Ramban was het niet oneens met Rashi, maar bouwde verder op basis van zijn gedachten. Het minimale vereiste voor heiligheid is dat je niets vervuilends doet. Maar dat kan niet alles zijn. Hoewel je mogelijk zorgvuldig de regels die pure reinheid definiëren in acht neemt, moet je nog steeds zelfbeperking in acht nemen. Zelfgeleiding is op deze manier zowel een methode om heiligheid te cultiveren als een teken van haar aanwezigheid.

Het was mijn Mussar leraar, Rabbijn Perr, die me kennis liet maken met Rashi’s en Ramban’s opvattingen over het heilige. Nadat deze klassieke lessen aan mij waren uitgelegd, ging hij verder met het delen van zijn eigen gevoel voor het heilige. Hij benaderde dit onderwerp vanuit een heel andere hoek, vanuit zijn persoonlijke ervaring. Hij beschreef de paar keer in zijn leven wat hij had ervaren in de aanwezigheid van mensen die heiligheid belichaamden. “In hun ogen kijkend, voelde ik dat mijn hart gezuiverd was”, beschrijft hij de ervaring.
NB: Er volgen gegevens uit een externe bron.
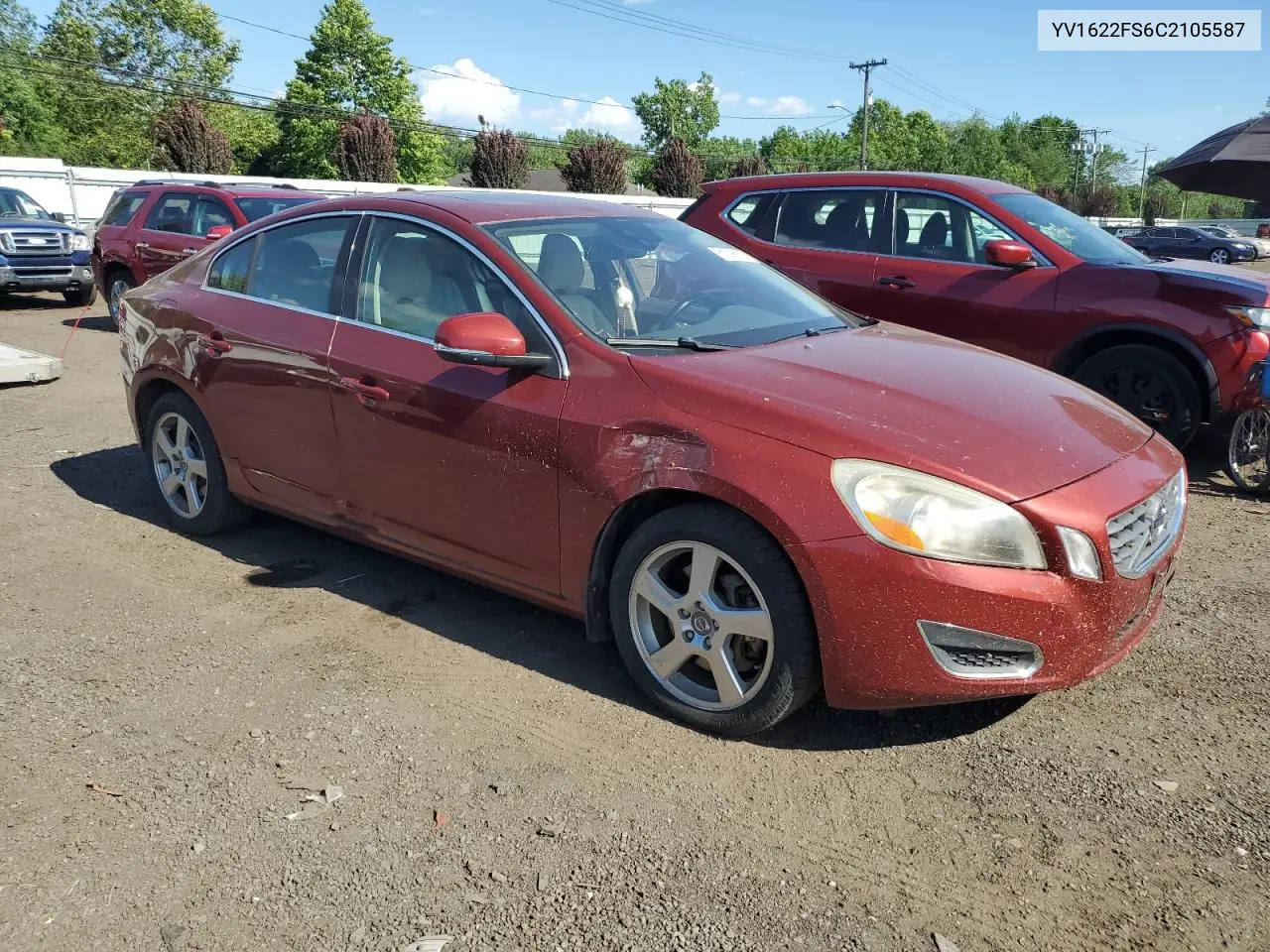 2012 Volvo S60 T5 VIN: YV1622FS6C2105587 Lot: 61008135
Uiteindelijk vertrouwde Rabbijn Perr noch op een definitie van heiligheid, noch op een lijst van criteria waaraan moest worden voldaan om de aanwezigheid van heiligheid te valideren, maar veel meer op persoonlijke ervaring. Heiligheid kan niet met succes worden gedefinieerd. Het kan zelfs niet worden beschreven behalve door gebruik te maken van een metafoor. Maar het kan worden ervaren, en in de ervaring van heiligheid is er geen plek voor twijfel.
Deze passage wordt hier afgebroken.